As this is a hands-on workshop .....

Something about pragmatic => lost of exploring not too much ML.

In [1]:
# imports
import pandas as pd
import numpy as np

# database connector
import snowflake.connector

# tidyverse tools
import plotnine as p9
from plotnine import ggplot, aes, geom_point, geom_histogram, facet_wrap, theme, ggtitle

import patchworklib as pw

import siuba
from siuba import _, select, mutate, group_by, ungroup, filter, summarize
from siuba.dply.vector import lead, lag

# todo: where should the imports be? It feels bad to have them all here, but it also feels cluttered to have the all over the place?

No module named 'seaborn'


<Figure size 100x100 with 0 Axes>

In [None]:
pd.set_option('display.width', 120)

p9.options.set_option('dpi', 300)
p9.options.set_option('figure_size', (8, 6))
# todo: test with codespaces

## Loading the data

We load the data from a Snowflake database using the `snowflake-connector-python` package and its `fetch_pandas_all()` function.

In [None]:
snowflake_user = ''
snowflake_password = ''

conn = snowflake.connector.connect(
    account='da84422.west-europe.azure',
    #account='iw47870.west-europe.azure',
    user=snowflake_user,
    password=snowflake_password,
    database='GF_PROD_DB',
    schema='CURATED_HACKATHON',
    #warehouse='DATA_SCIENTIST_WH',
    #role='GRP_DATA_SCIENTIST_ROLE',
    )

cur = conn.cursor()
try:
    cur.execute("select * from GF_PROD_DB.CURATED_HACKATHON.V_DATA;")
    heat_data=cur.fetch_pandas_all()
    print('data:')
    print(heat_data.head(3))
    cur.execute("select * from GF_PROD_DB.CURATED_HACKATHON.V_METADATA;")
    metadata=cur.fetch_pandas_all()
    print('\nMetadata:')
    print(metadata.head(3))
finally:
    cur.close()
conn.close()

In [None]:
# EXERCISE 1 SOLUTION
heat_data.info()
metadata.info()
print(f'\nLOCATION_ELEVATION is missing for {len(metadata) - metadata.LOCATION_ELEVATION.nunique()} out of {len(metadata)} buildings.')

In [None]:
# Let's merge the heat meter data and metadata
# NOTE: In the real world, I would also split data here, but for simplicity we do that later.
data = metadata.merge(heat_data, how='left', on='METER_ID')

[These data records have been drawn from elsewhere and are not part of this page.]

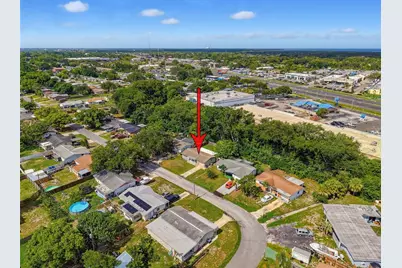 4737 Belfast Drive, New Port Richey, FL 34652 - Photo 38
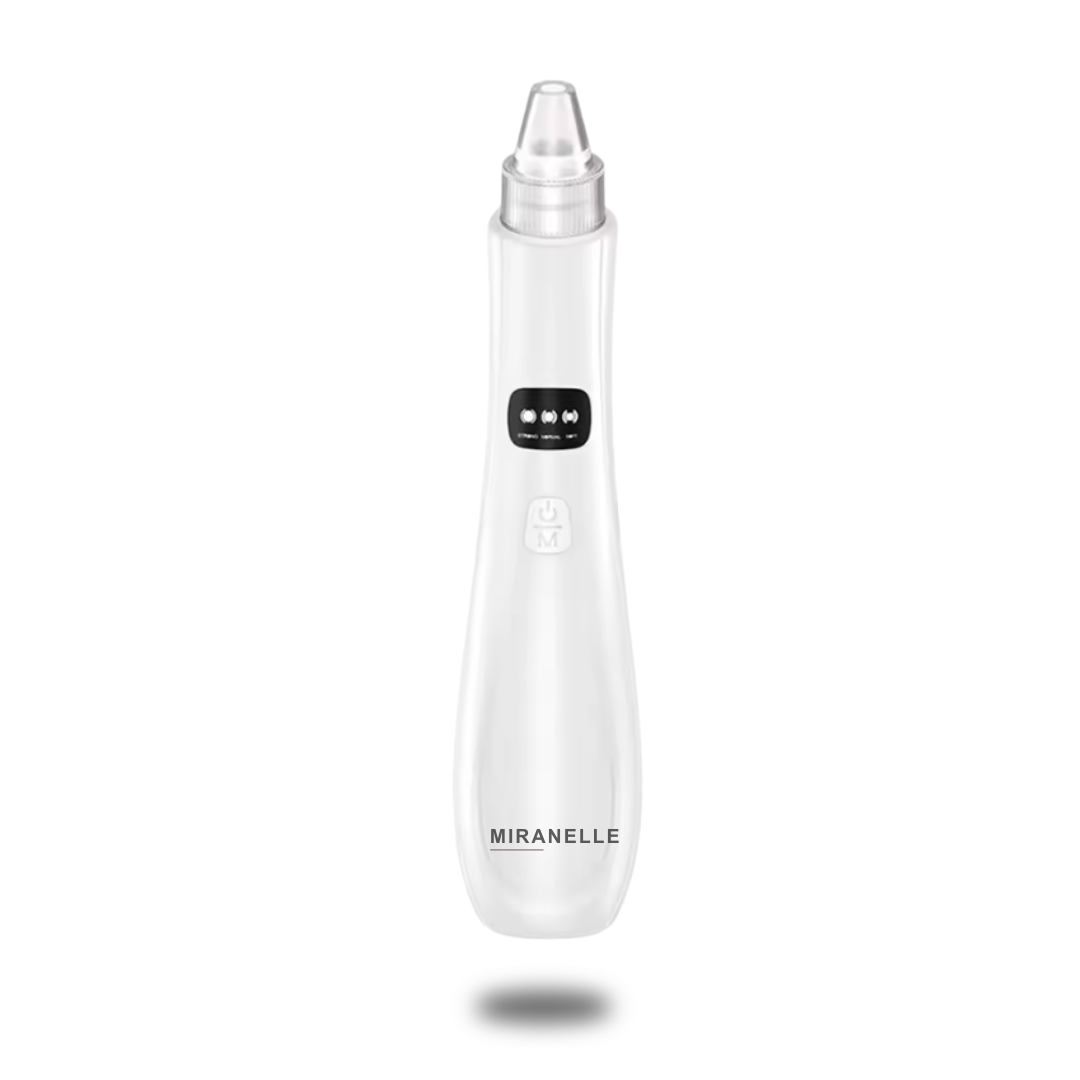 Blackhead Facial Remover - Dermovia™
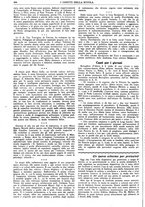 giornale/CFI0374941/1935-1936/unico/00000428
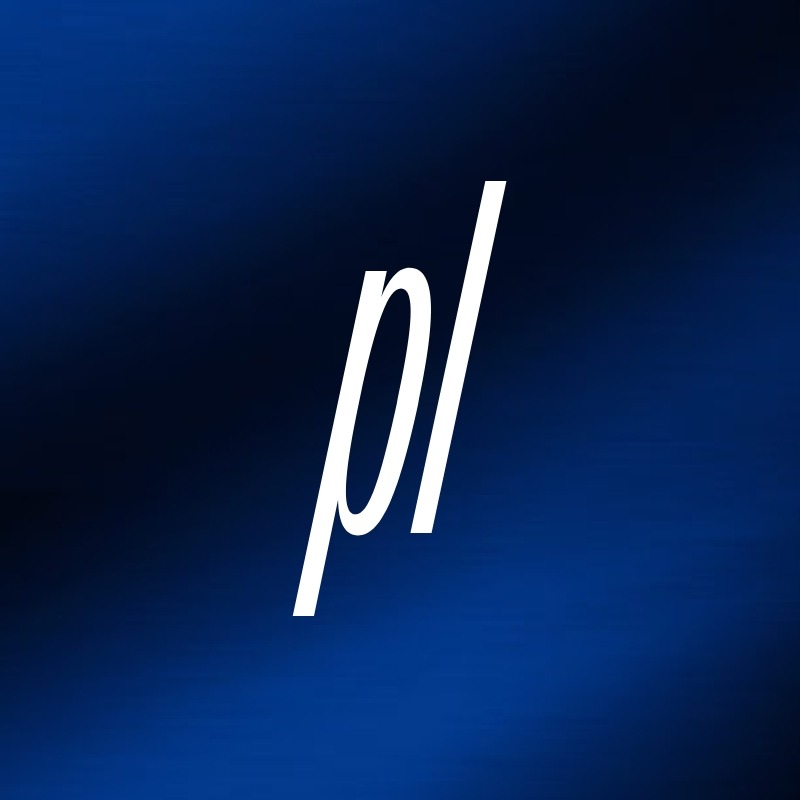 K2 Piho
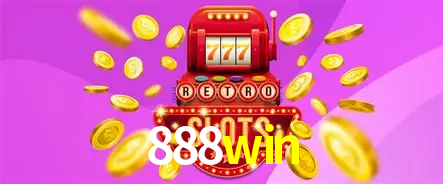 Desvendando o Mundo dos Jogos Virtuais na 888win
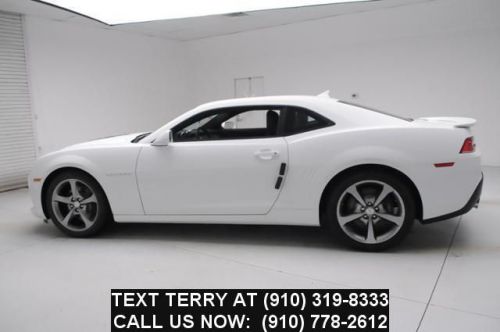 2014 Chevrolet Camaro 2SS, US $39,028.00, image 22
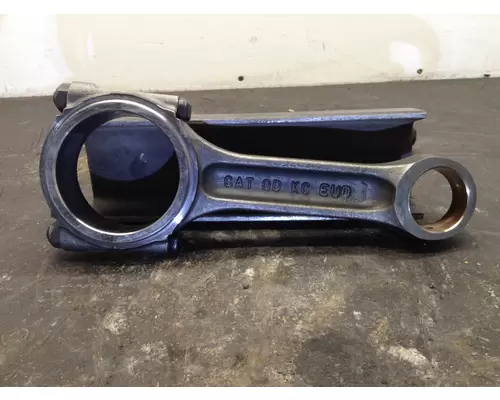 Connecting Rod CAT 3116 Vander Haags Inc Sp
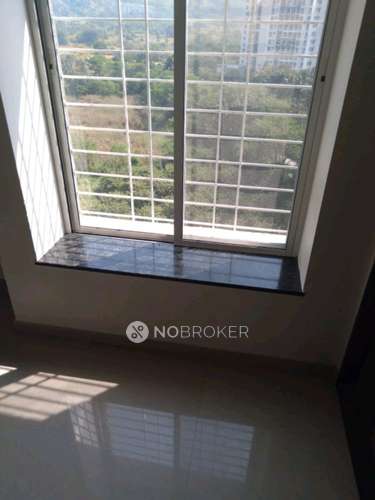 1 BHK Flat In Vilas Yashone For Sale  In Pirangut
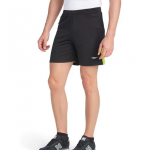 imagen de Comprar Short Sportline Negro      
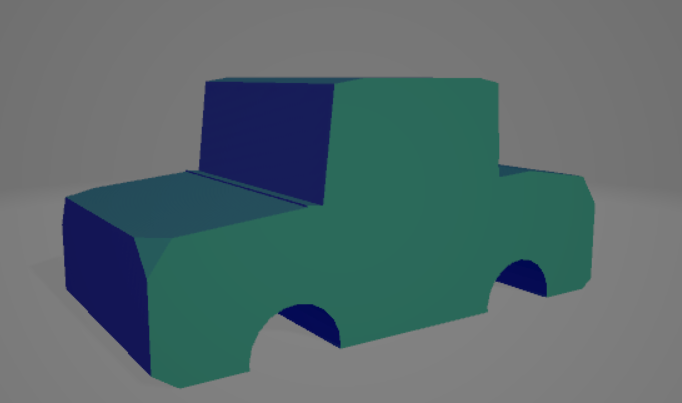 Car Design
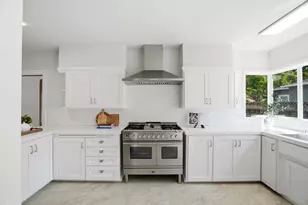 1620 Hanchett Ave, San Jose, CA 95128 - Photo 19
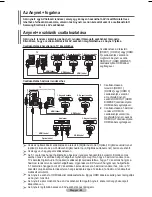 Preview for 95 page of Samsung WMN5090A User Manual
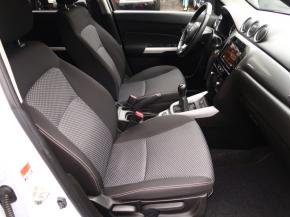 Suzuki Vitara  1.6 VVT 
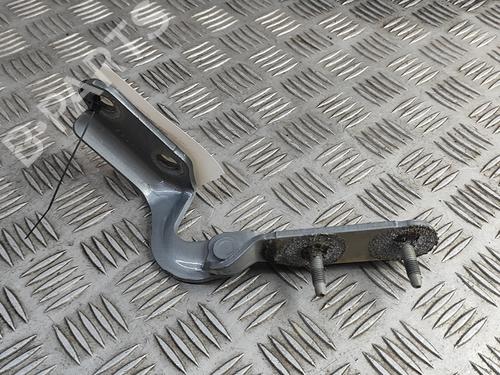 Hinge/Door check strap FORD KUGA III (DFK) 2.5 Duratec Plug-in-Hybrid | BP28687799C146 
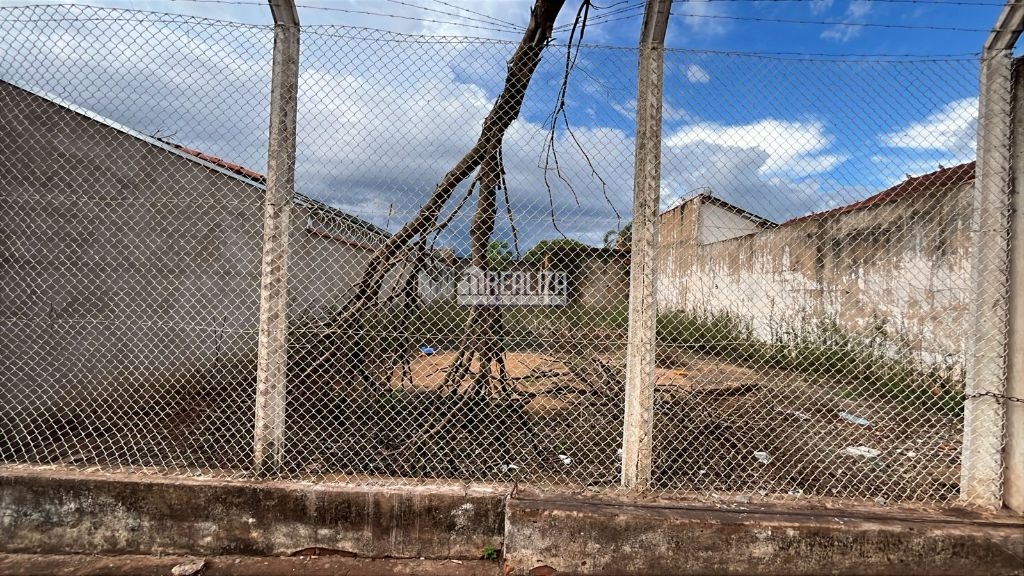 Terreno, 250 m² - Foto 2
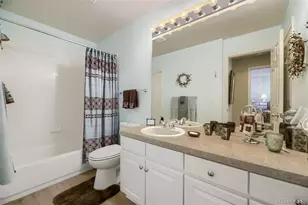 7594 Pineridge Trail, Castle Rock, CO 80108 - Photo 11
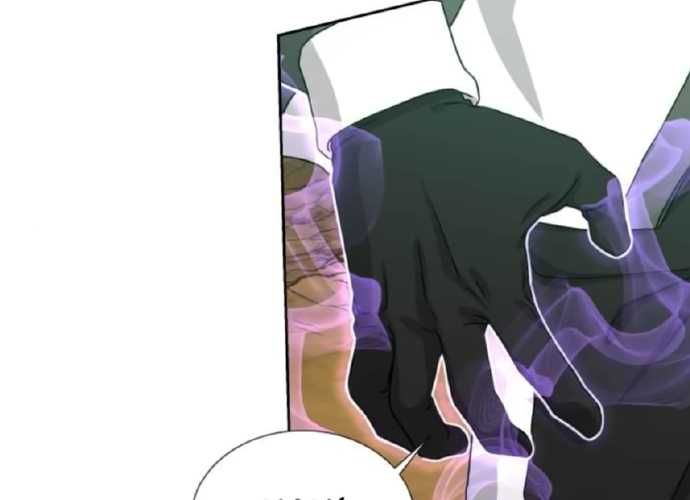 đọc truyện Người Chơi Thiên Tài Hồi Quy Chương 7 ảnh 178 tại Thiên Thai Truyện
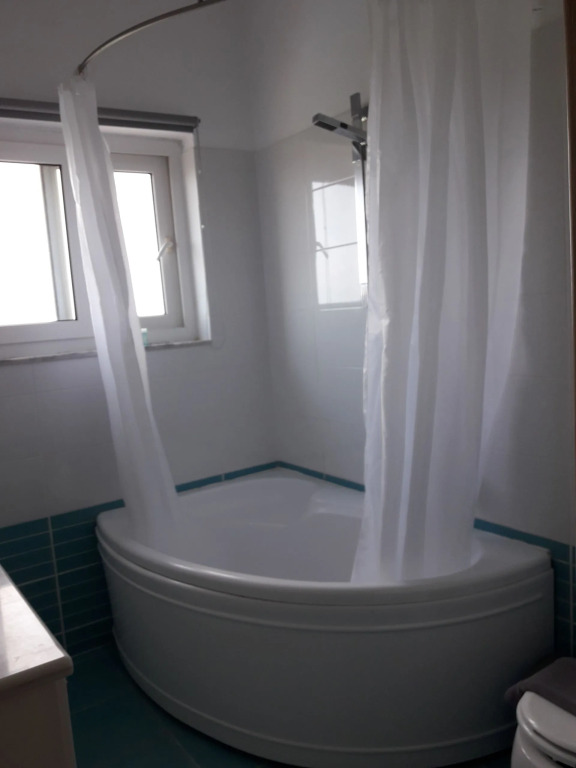Chania Villas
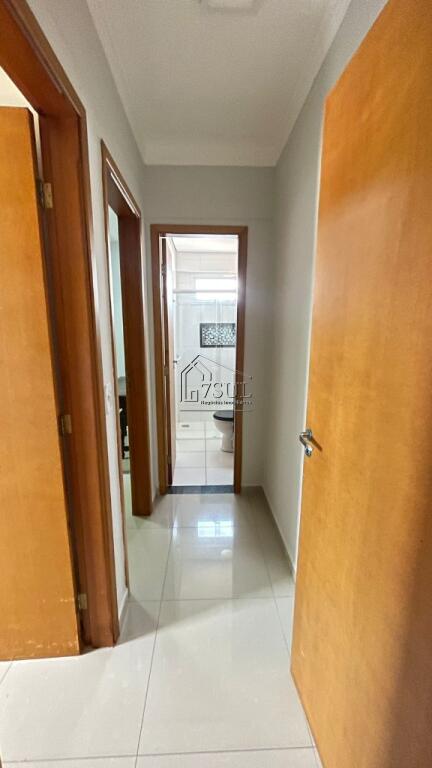 Apartamento, 2 quartos, 50 m² - Foto 19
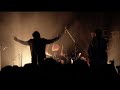 SPiCYSOL - Back to The "EASY" Tour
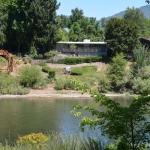 OTRA2013_0887 (July 12, 2013)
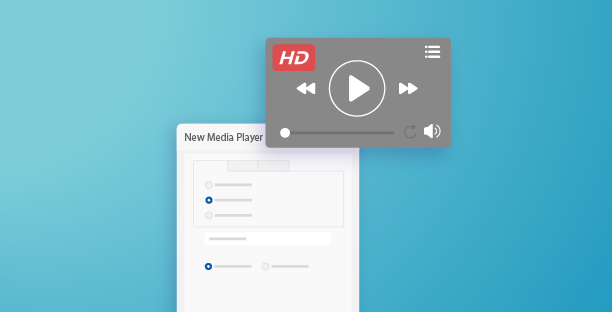 Macro: Simple yet Powerful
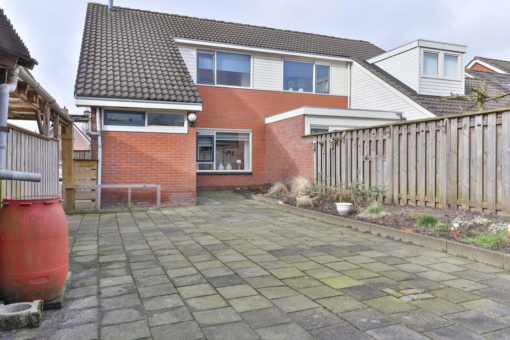 Heidewei 54 Zwagerbosch - Afbeelding 11.jpg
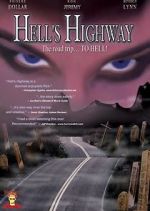 Watch Hell's Highway Watch123movies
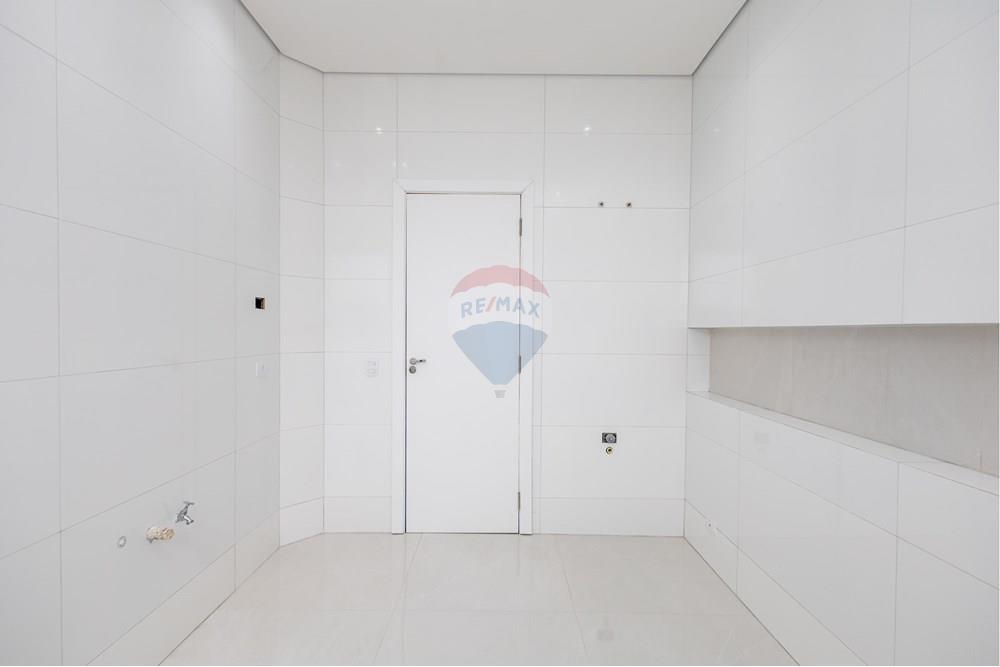 Sobrado - Venda - São José dos Pinhais , Paraná - IMG_1416.jpg - 560391042-21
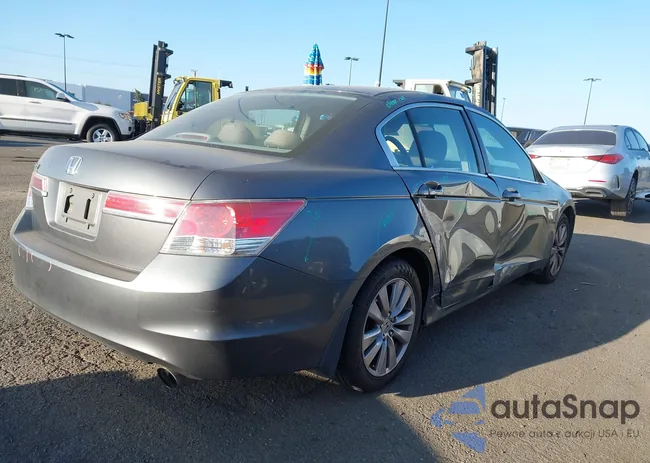 1HGCP2F78CA192003: 44554259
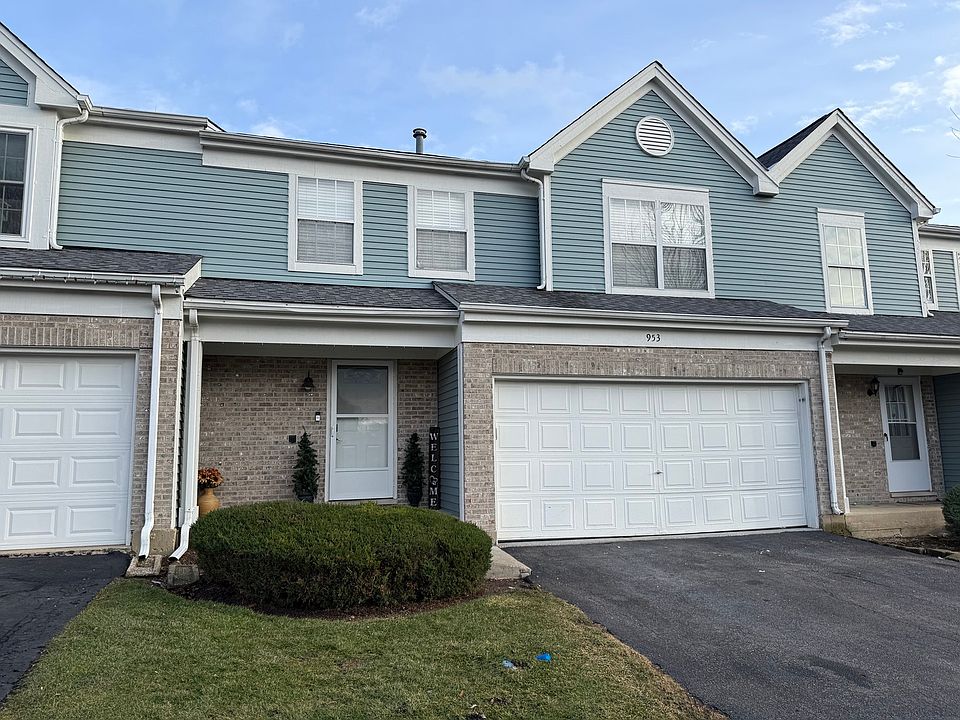 1st image of 953 Old Oak Cir Unit 0
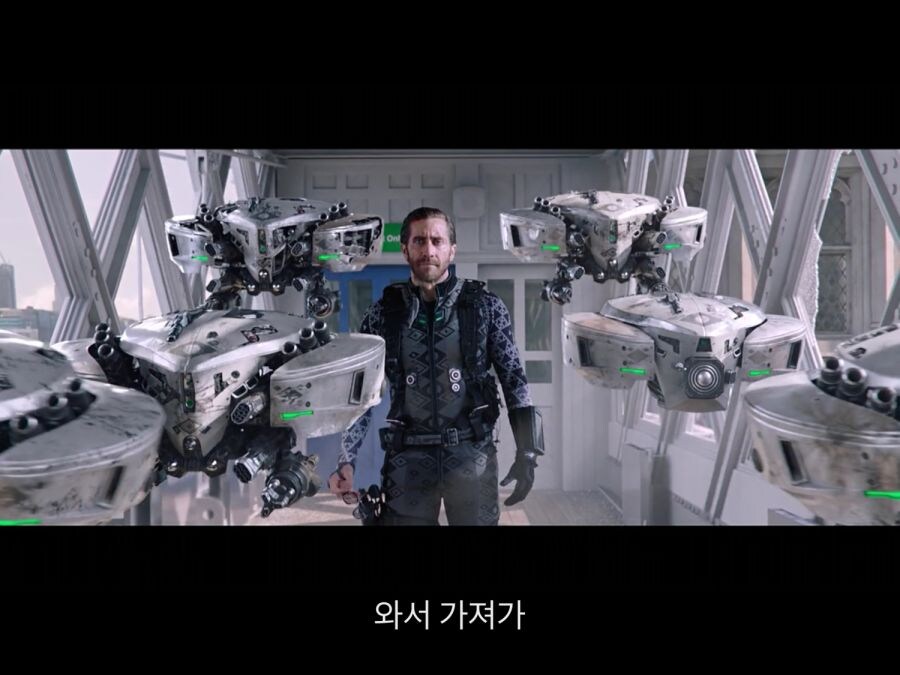 MCU)오피셜처럼 알려졌지만 의외로 오피셜은 아닌것.JPG_2.jpg
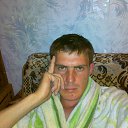  Https: //  Allworld3d,  -  7  2012    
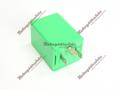 INDEXRELÉ 12V 21W VESPA PK125-150-200 / FL125 89-00 / APE 50 85-89 / SI 50 FL2 91-97 / COSA 125-150-200 88-91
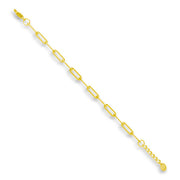 Orion Bracelet - EVRYJEWELS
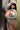 EU In Stock - 162cm/5ft4 J-cup Big Booty TPE Sex Doll - C4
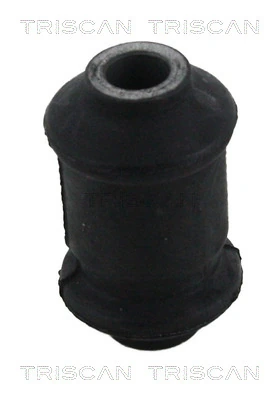 Silentblock przedniego wahacza dolnego do Skoda Favorit  781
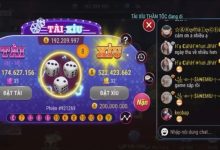 如何通过线上棋牌游戏平台提升玩家的社交互动-德州扑克迷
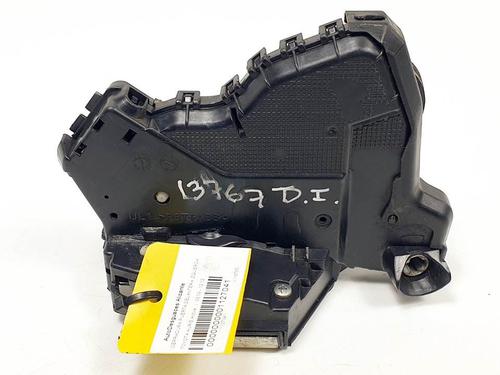  - Image 6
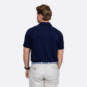 AT&T SCFW 2026 New Era Polo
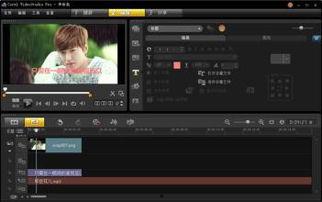 可以看视频的软件,热门视频软件深度解析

## Data engineering & exploration: Engineering part
The goal of this section is to give an introduction to the first steps a Data Scientist takes to understand new data. We want the data to be understandable, usable, and trustworthy.

In [None]:
# select a meter_id to look at
meter_id_to_plot = metadata.sample(n=1)['METER_ID'].iloc[0]
print(f'We are investigating METER_ID = {meter_id_to_plot}')

In [None]:
# we need to select a single METER_ID to get a comprehensible plot.
data_to_plot = (data >> filter(_.METER_ID == meter_id_to_plot)).reset_index()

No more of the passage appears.